Name of element | No. of molecules on LHS | No. of molecules on RHS |
Na (Sodium) | 1 | 2 |
O (Oxygen) | 1 ( in NaOH) +4 (in H2SO4) = 5 | 4 (in Na2SO4)+1= 5 |
H (Hydrogen) | 3 (1 in NaOH and 2 in H2SO4) | 2 |
S (Sulphur) | 1 | 1 |
Now we see that Oxygen and sulphur have the same number of molecules on each side. So we start by balancing H, which has the highest number of unequal molecules.
- Since H is three on LHS and two on RHS, we will give one more H on RHS. But since H2 is combined, we have to multiply by 2.
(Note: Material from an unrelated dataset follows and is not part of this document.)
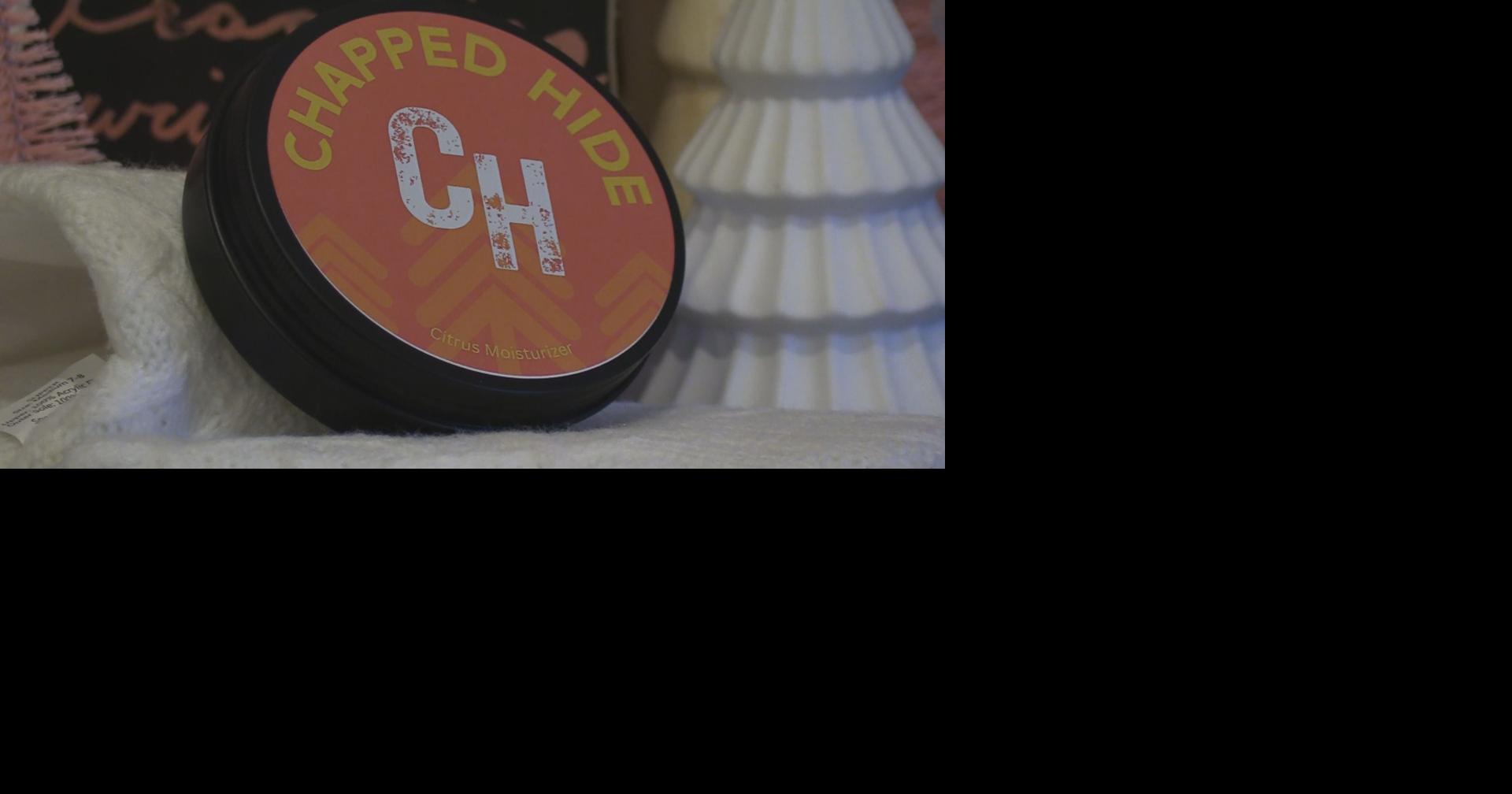 Battling bug bites with Chapped Hide | News | foxbangor.com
The result is as below: NaOH + H2SO4 → Na2SO4+2H2O
Name of element | No. of molecules on LHS | No. of molecules on RHS |
Na (Sodium) | 1 | 2 |
O (Oxygen) | 1 ( in NaOH) +4 (in H2SO4) = 5 | 6 (because by multiplying H2O with 2 Oxygen became 6 (4+2) |
H (Hydrogen) | 3 (1 in NaOH and 2 in H2SO4) | 4 |
S (Sulphur) | 1 | 1 |
- Now we can see that O has the maximum count of unbalanced atoms.
So we’ll multiply NaOH by two so that 2+4 becomes six and the count equalises.
So the equation becomes 2NaOH + H2SO4 → Na2SO4+2H2O.
Now the table is:
Name of element | No. of molecules on LHS | No. of molecules on RHS |
Na (Sodium) | 2 | 2 |
O (Oxygen) | 2 ( in NaOH) +4 (in H2SO4) = 6 | 4 (in Na2SO4)+2= 6 |
H (Hydrogen) | 4 (2 in NaOH and 2 in H2SO4) | 4 |
S (Sulphur) | 1 | 1 |
- Now, as we can see in the table, all the elements have been balanced. So the right answer is:
2NaOH + H2SO4 → Na2SO4+2H2O